Klaus Härö's The Fencer launches into an unfamiliar subject. The formula elements of it are predictable but it manages to handle them impressively.
Getting off the train in the small Estonian town in the fifties, we see new school teacher Märt Avandi from the back, as will repeat through out the film. He proves to be a fugitive from Stalinist oppression.
The bag he carries has his gear as a competition fencer and, when the head master tells him he’s supposed to run an out of class sports program and the local Military Air Base makes off with the skis he’s been repairing, he starts training the kids in fencing - against all odds of course.
Starting with Lisa Koppel, the little girl who had wanted to do ballet, most turn up because there is nothing else to do in the no facilities Soviet bloc town. They are working with twigs with corked tips and cardboard guards but young Jonas Koff’s grand father turns out to be a former fencer who still has his foil and mask and an appeal to a Leningrad colleague produces two menacing types demanding our hero. They however prove to be truckers bringing crates. Nice scene of the delighted kids discovering the fencing materials in them as they shower one another with wood wool.
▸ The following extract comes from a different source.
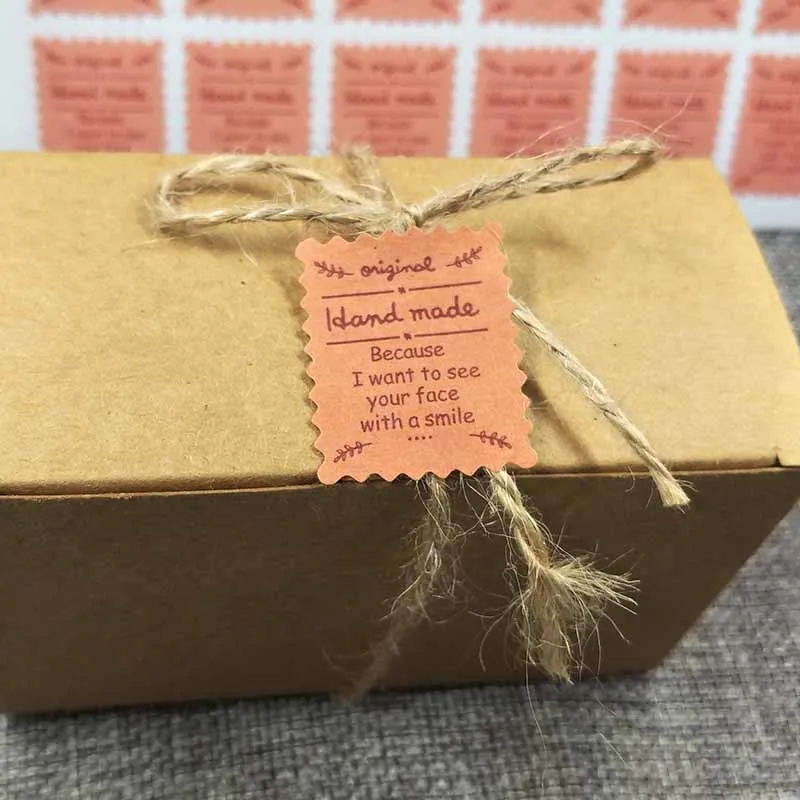 Самоклеящаяся наклейка для этикеток ручная работа красная с сердечком печать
Dealing with the winning young woman who Avandi has to buy tea, because no one stocks hot chocolate, also helps his ability to relate to the kids. She asks “Do you know how many of the children have no fathers?” and the question becomes an incentive to both abandon and the persist with the program.
The mean headmaster opposes the elitist sport but gramps speaks out for it at the parents’ meeting and the peasant types unexpectedly provide an endorsement show of hands. The head has his Stalin mustached offsider root about in the Records Office till he finds our hero’s military history card. The headmaster’s speech, about his methods having got him to the authority he now has, manages to give the piece added resonance.
Avandi picks his team, Koffel and Koff prominent, to the fencing competition, though he’s been warned to stay away from Leningrad, where the military types are waiting for him in the company of the head, under the centre's Stalin mural.
Tracking camera and music turn the competition bouts into something stirring. Little Koppel saluting the mean opponent twice her size is irresistible.
Stalin dies and we get successive up beat endings.
The unfamiliar unit manage a strong cast along with an interesting simulation of the look of fifties Soviet movies, with their restricted colour palette and institutional decors, here shown as tatty.